Gosh! They were so much like us.
That may be the most common response to archaeological finds that reach the popular media. It seems like a trivial reaction, but maybe it’s not. Maybe it’s akin to what we might feel upon learning of life on another planet. We’re not alone; we are part of something more widespread, something vastly older. Our ways are ancient.
An international team of archaeologists has discovered what they report to be a 100,000-year-old workshop in a South African cave on the Indian Ocean coast where anatomically modern–and maybe even intellectually modern–people manufactured red paint.
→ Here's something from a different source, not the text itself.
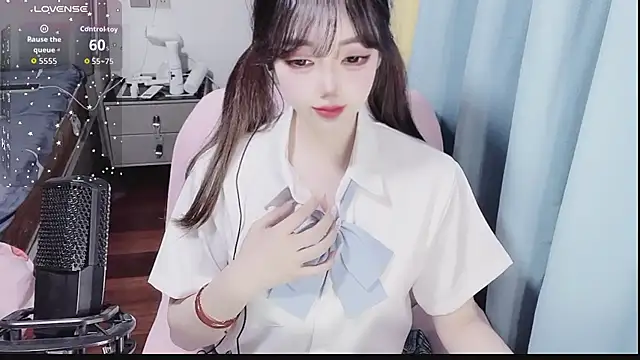 Lucky Cici online show from 07-25-26, 07:33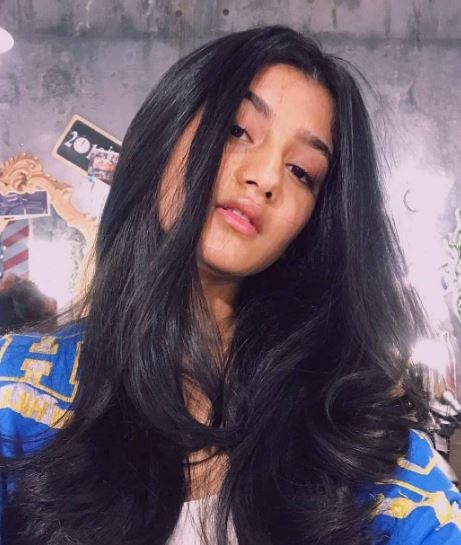 Ashlesha Thakur Parents, Caste, Biography, Birthday, Boyfriend, Height, Net Worth & Wiki 3 Ashlesha Thakur biodata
There were tools for grinding red ochre, mixing it with fat from animal bones (a binder that would be used for tens of thousands of years) and other substances in an abalone shell bowl. There were firepits for cooking the bones, apparently from seals harvested close by and hammerstones for crushing them to extract marrow.
The AP, in an unbylined story picked up by many outlets, says it “may have been the world’s earliest artist’s studio.”
The oldest cave paintings in Europe would not be created for another 70,000 or so years. It is generally thought that the first anatomically modern human beings evolved nearly 200,000 years ago.
Brian Vastag of the Washington Post paints the picture in his lede: “A hundred thousand years ago, not long after Homo sapiens emerged as a species, a craftsman — or woman — sat in a cave overlooking the Indian Ocean, crushed a soft rusty red rock, mixed it inside a shell with charcoal and animal marrow, and dabbed it on something — maybe a face, maybe a wall.”
At the Christian Science Monitor, Pete Spotts ledes this way: “Cosmetic giants Mabelline-Garnier or Helene Curtis standing on the shoulders of Stone Age artisans?”
The venerable John Noble Wilford writes in the New York Times that the workshop is evidence of not only of a nascent knowledge of chemistry but of long-term planning since the materials (the ochre may have come from a site 12 miles away) and tools had to be assembled in advance.
Amina Khan reported the story for the Los Angeles Times and noted something most others missed–that below the red paint still hardened into the bowl, there was yellow paint, perhaps from an earlier job.
At Science News, Bruce Bower referred to the ancient paint as a “colorful pigment of their imagination.”
Andy Coghlan writes in New Scientist that one ingredient probably used to make the paint was urine.